» TASK DETAILS
Entries below include pictures. Output exactly the lines from the one with "Casa Lido Lake View - B&B Varenna" down to the one with "MAXXIS 205/65 R", both ends included, and leave the pictures out.

» DATA RECORDS
--- START ---

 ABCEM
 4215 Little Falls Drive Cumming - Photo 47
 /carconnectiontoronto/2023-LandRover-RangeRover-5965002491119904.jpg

--- END ---
--- START ---

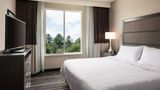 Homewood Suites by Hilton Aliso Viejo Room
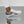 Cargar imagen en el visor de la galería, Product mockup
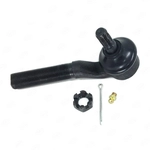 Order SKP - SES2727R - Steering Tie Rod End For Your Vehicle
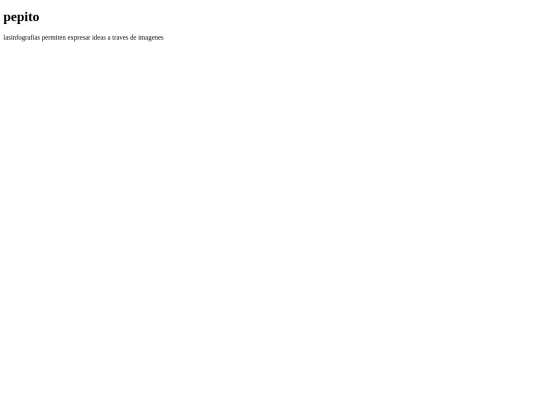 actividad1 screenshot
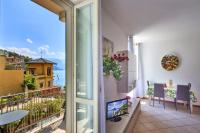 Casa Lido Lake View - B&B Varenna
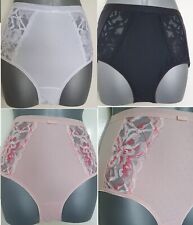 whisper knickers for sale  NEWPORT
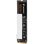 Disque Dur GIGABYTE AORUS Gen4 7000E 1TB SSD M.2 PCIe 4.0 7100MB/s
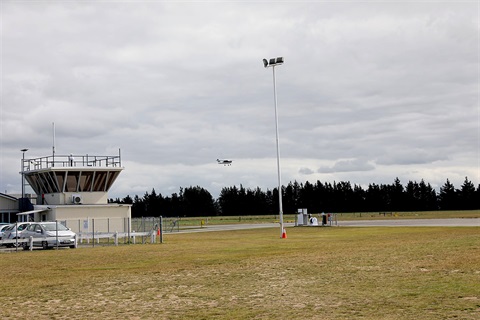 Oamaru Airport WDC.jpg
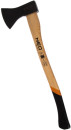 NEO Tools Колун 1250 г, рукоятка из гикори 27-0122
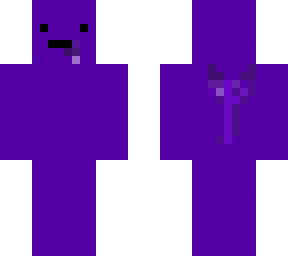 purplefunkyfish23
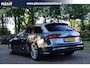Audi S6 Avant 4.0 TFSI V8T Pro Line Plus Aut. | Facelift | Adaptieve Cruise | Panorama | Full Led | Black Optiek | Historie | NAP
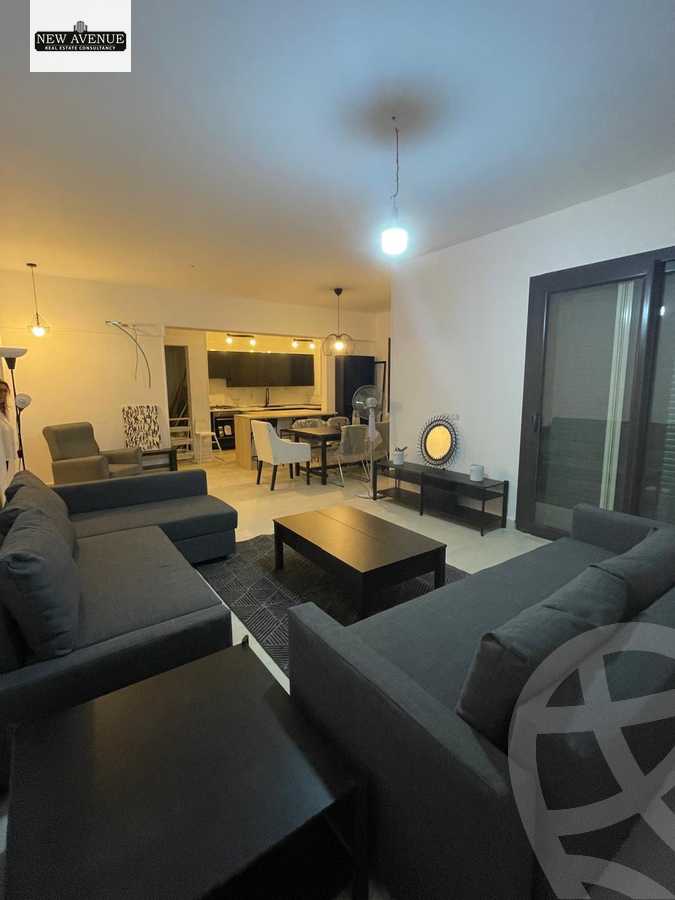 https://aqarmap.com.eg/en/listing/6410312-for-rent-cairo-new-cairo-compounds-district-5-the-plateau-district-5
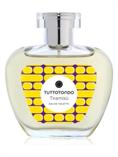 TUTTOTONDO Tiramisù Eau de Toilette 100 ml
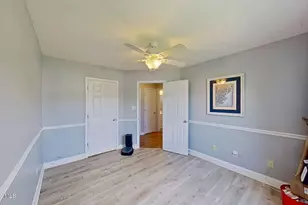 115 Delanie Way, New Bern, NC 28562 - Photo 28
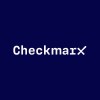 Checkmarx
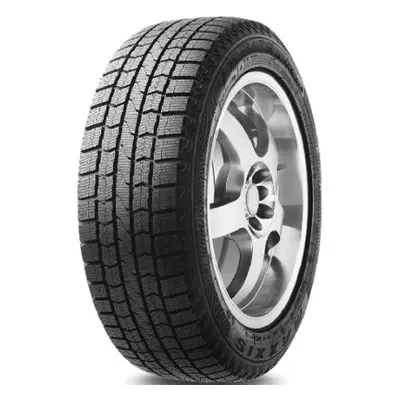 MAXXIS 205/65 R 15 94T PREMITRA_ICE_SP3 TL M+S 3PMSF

--- END ---

» WRITTEN SOLUTION
 Casa Lido Lake View - B&B Varenna
 whisper knickers for sale  NEWPORT
 Disque Dur GIGABYTE AORUS Gen4 7000E 1TB SSD M.2 PCIe 4.0 7100MB/s
 Oamaru Airport WDC.jpg
 NEO Tools Колун 1250 г, рукоятка из гикори 27-0122
 purplefunkyfish23
Audi S6 Avant 4.0 TFSI V8T Pro Line Plus Aut. | Facelift | Adaptieve Cruise | Panorama | Full Led | Black Optiek | Historie | NAP
 https://aqarmap.com.eg/en/listing/6410312-for-rent-cairo-new-cairo-compounds-district-5-the-plateau-district-5
 TUTTOTONDO Tiramisù Eau de Toilette 100 ml
 115 Delanie Way, New Bern, NC 28562 - Photo 28
 Checkmarx
 MAXXIS 205/65 R 15 94T PREMITRA_ICE_SP3 TL M+S 3PMSF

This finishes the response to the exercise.